The past week was the definition of an emotional roller coaster. Monday’s RAOKK (Random Acts of Katie Kindness) Day was incredible, and I’ll post the details soon. For now, I’ll just say that it was powerful in ways that I never expected.
However, over the past several weeks, Chili, one of our beloved dogs, had taken a turn for the worst–we noticed a mass of some sort growing on her chest, and a week later when we got her into the vet, it had gone from odd and concerning to huge and painful. At the beginning of Thanksgiving week, we had a biopsy done to see what we were dealing with and if there would be a way to treat it. We had reason to hold on to hope, so with the help of family we kept her as comfortable as possible while we waited for news.
It wasn’t good. This past week, on Wednesday, December 3, we made the decision to have her put down to release her from the pain she’d been in for several weeks. I can’t explain my devastation. We adopted Chili in May of 2006 when she was about 10 weeks old, and she was my buddy from day one. She was super smart, incredibly well behaved, and a total riot. She was my furry black alarm clock, and I could always count on her to cover me in kisses anytime I needed some love. I cried so hard on Wednesday that I was literally doubled over, unable to breathe, and almost unable to walk. I fully believe that we did the right thing, and today, with a few days distance, my heart feels a bit of peace knowing that, even though I will miss her forever, she isn’t hurting anymore. That’s what matters most.

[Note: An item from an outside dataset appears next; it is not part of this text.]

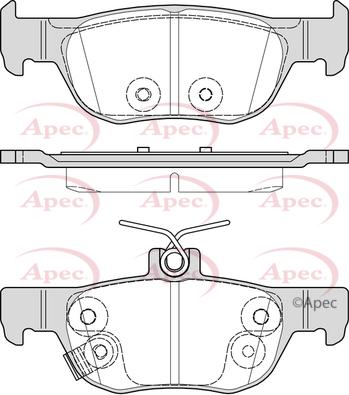 APEC PAD2355 - Kit de plaquettes de frein, frein à disque cwaw.fr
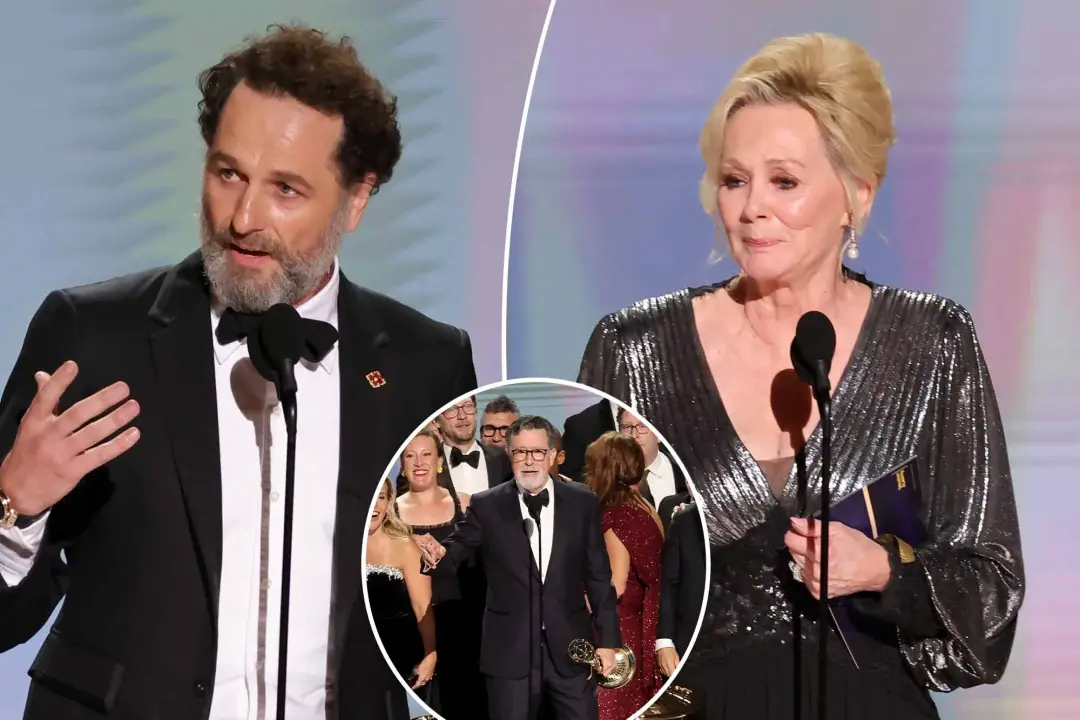 Widows Bay levou o prêmio de melhor comédia e The Pitt, de drama, nos Emmys 2026. Jean Smart garantiu seu quinto Emmy c…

This post, however, isn’t really about Chili.
It’s about Clint.
Monday was all about being selfless and finding ways to show kindness to others, and Clint provided the greatest act of kindness, the most selfless act I can imagine, for me on that day. On Monday, the vet called Clint and gave him the details about Chili’s condition, and it was pretty clear to both of them that there would only be one real option for us. Clint knew how important Monday was to me–he knew that honoring Katie’s life was something my soul so deeply needed, and he heard throughout the day what an amazing day I was having. I was flying high on the joy of giving to others.
He didn’t want to ruin that feeling for me, so he chose to wait until Tuesday to tell me about Chili. His heart was breaking, just like mine would do when I found out the news. I can’t imagine carrying that pain alone–the pain of knowing we were going to lose Chili, and the pain of knowing he was going to have to break the news to me. On a day dedicated to offering acts of kindness to others, he performed one of the most selfless acts I can possibly imagine by holding that pain for both of us so I could honor Katie fully, in a way my heart truly needed.
His is one of the faces of absolute, real, true love in my world, and in the world all around him.